##### DATA SECTION
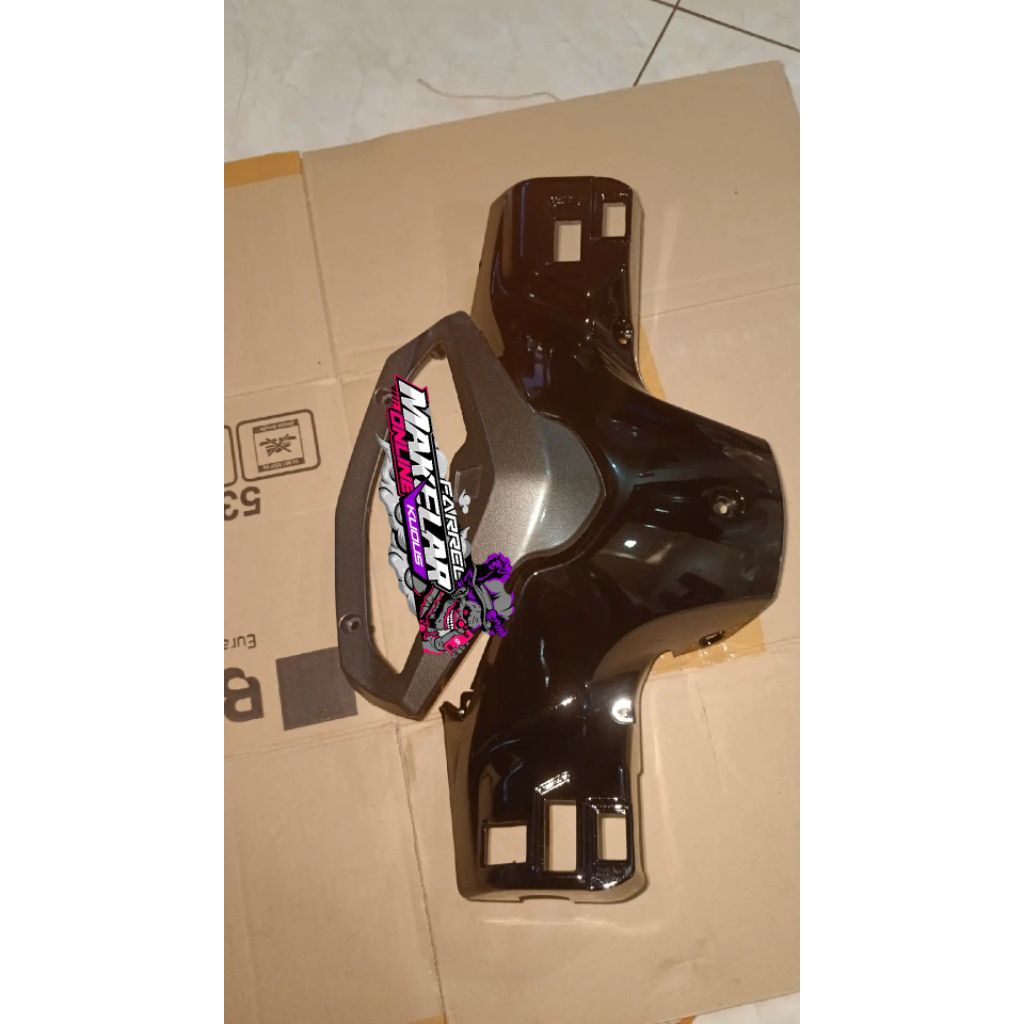 batok belakang shogun 125 new shogun 125 RR fi shogun 125 robot 2007 hitam ring abu²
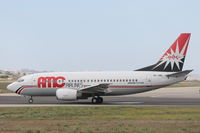 SU-GBL @ LMML - B737-500 SU-GBL AMC Airlines - by Raymond Zammit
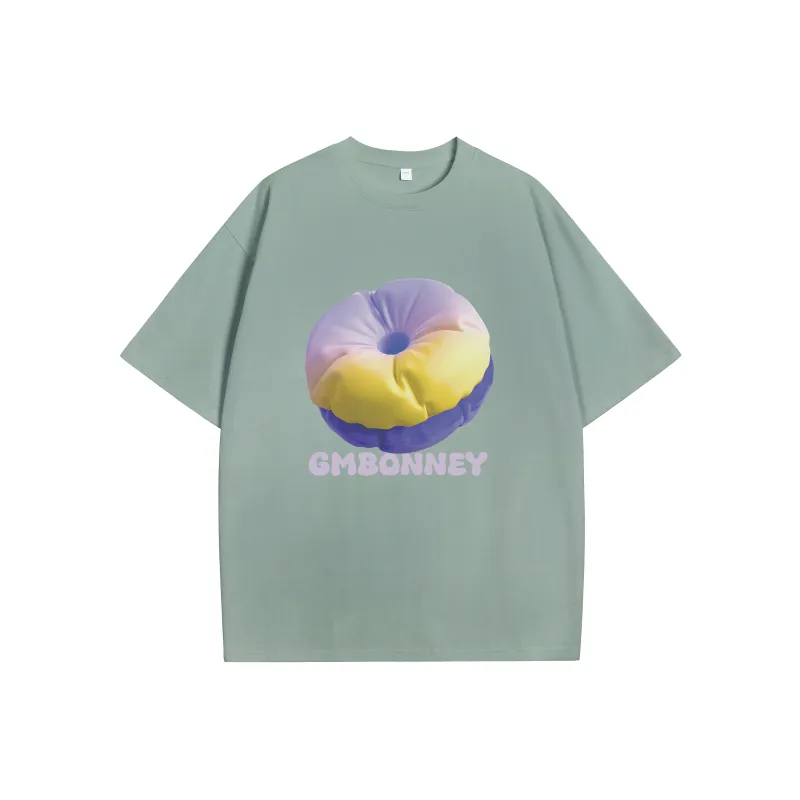 G.M BONNEY T Shirts Unisex-4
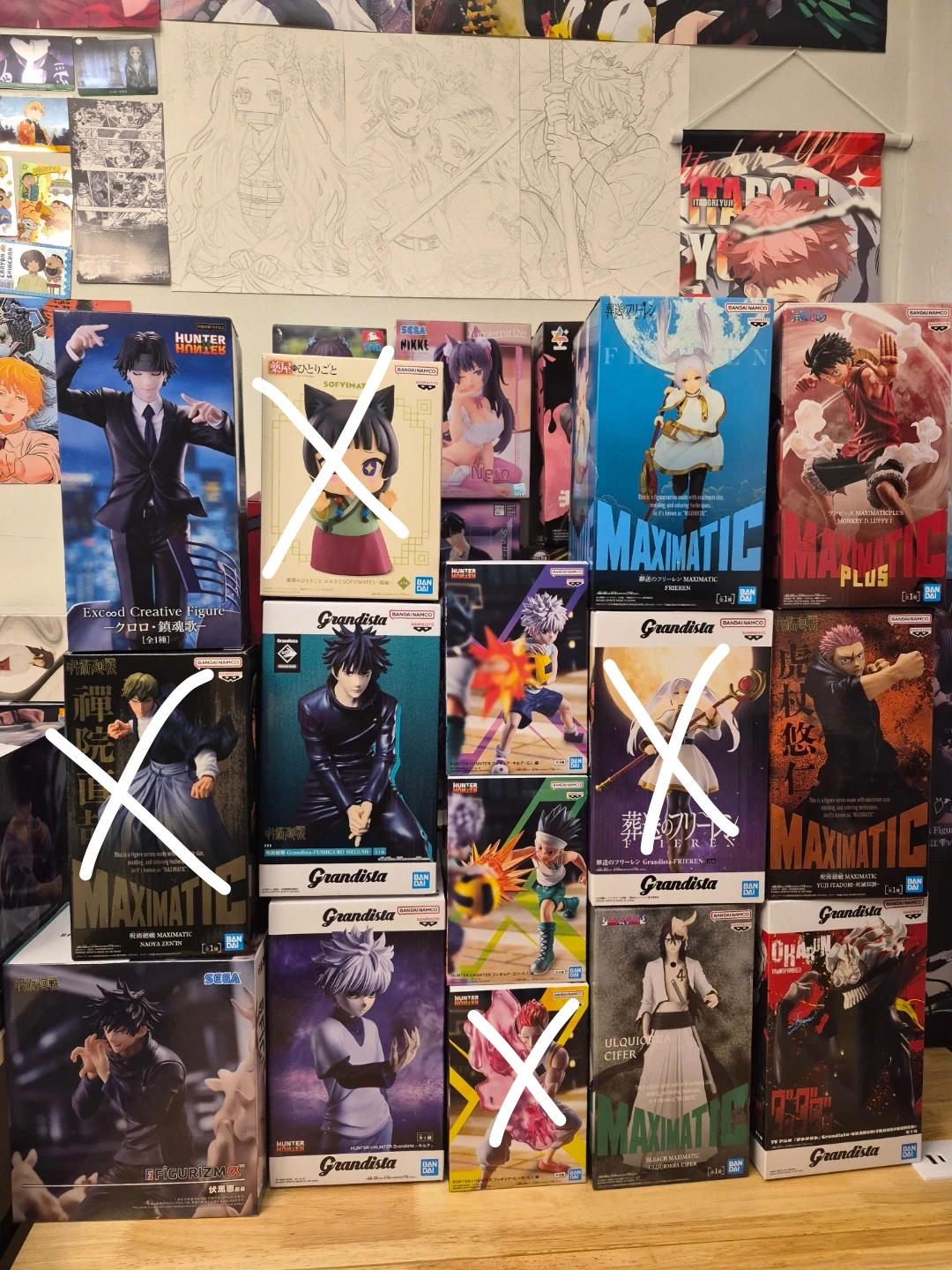 Anime figures - photo 5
##########
__DIRECTIONS__. Without the images, print all of the lines above exactly.

__EXERCISE OUTPUT__.
 batok belakang shogun 125 new shogun 125 RR fi shogun 125 robot 2007 hitam ring abu²
 SU-GBL @ LMML - B737-500 SU-GBL AMC Airlines - by Raymond Zammit
 G.M BONNEY T Shirts Unisex-4
 Anime figures - photo 5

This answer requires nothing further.